<p>I made a stupid mistake on 1c and i wanna kick myself for not checking over it or else i woulda caught it..should only be 1 pt tho...</p>
<p>2a, what do you mean by straightforward?</p>
<p>I confirm everything else.</p>
<p>it was just the integral of the line from 0 to 18...pretty basic...use calc</p>
<h1>3</h1>
<p>A)
g = 16
g' = 0
g'' = -2</p>
<p>then
B) i got neither cause my slope was -2</p>
<p>C) then i gpt G(10) = 15</p>
<p>and G(108) = y-2 = 224 (x-108)</p>
<p>i think i got b and c wrong but any one for A?</p>
<p>got owned by 3, missed 1 on number 1, missed 3 on number 5</p>
<p>hugh, the slope at x=108 was 3, not 224. Remember that the graph is a period, so it repeats?</p>
<p>I thought the slope was 2... I believe I got y = 2x-296 or something, but I am pretty sure I messed it up.</p>
<p>yah i bit the bullet on #3 b and c</p>
<p>how bout a though</p>
<p>yeah two that's what I meant.</p>
<p>108 is 21 times of 0 and three remaining, so the slope is the same as on x=3.</p>
<p>so no one for question 3 part a?</p>
<p>3a.</p>
<p>g(4)=3
g'(4)=0
g''(4)=-2</p>
<p>Also 3b is a relative minimum, not neither.</p>
<p>if I got 38/45 MC and say 34/54 FR, will that be a 5?</p>
<p>
[quote]
3a.</p>
<p>g(4)=3
g'(4)=0
g''(4)=-2</p>
<p>
[/quote]
</p>
<p>Yep. :)</p>
<p>I worked hard in Calc this year but did not do too much real practice beyond doing/looking through no more than two MC practice tests in my AP book.
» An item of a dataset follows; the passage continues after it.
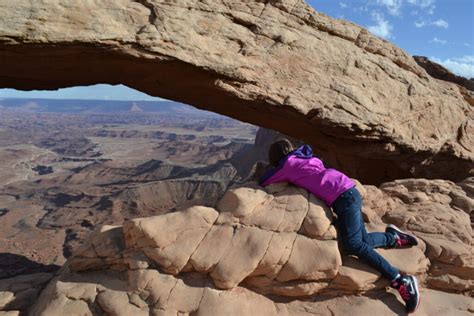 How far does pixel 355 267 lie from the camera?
5438 mm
I've read through this entire board and although feeling down immediately following the test, today I feel pretty confident. Did not get all the MC or FR, and did not think that it was easy.. though overall it could have been much worse.</p>
<p>I'm convinced I would've been close to perfect if I had even studied one hour more the day before. But oh well.</p>
<p>Don't remember problems anymore, and have no motivation to look through FR questions again at the moment. Will contribute tomorrow.</p>
<p>Yeah I got what you got, giants.</p>
<p>crosscurrent yes thats a 5 with room to spare if you did that well on the MC.</p>
<p>how did u get that for a) i got a+2</p>
<p>How did you guys do the THE DIFFERENTIAL EQUATION QUESTION!!!</p>
<p>Omg, everyone I asked said they ended up with a LINEAR equation, I being ONE OF THEM...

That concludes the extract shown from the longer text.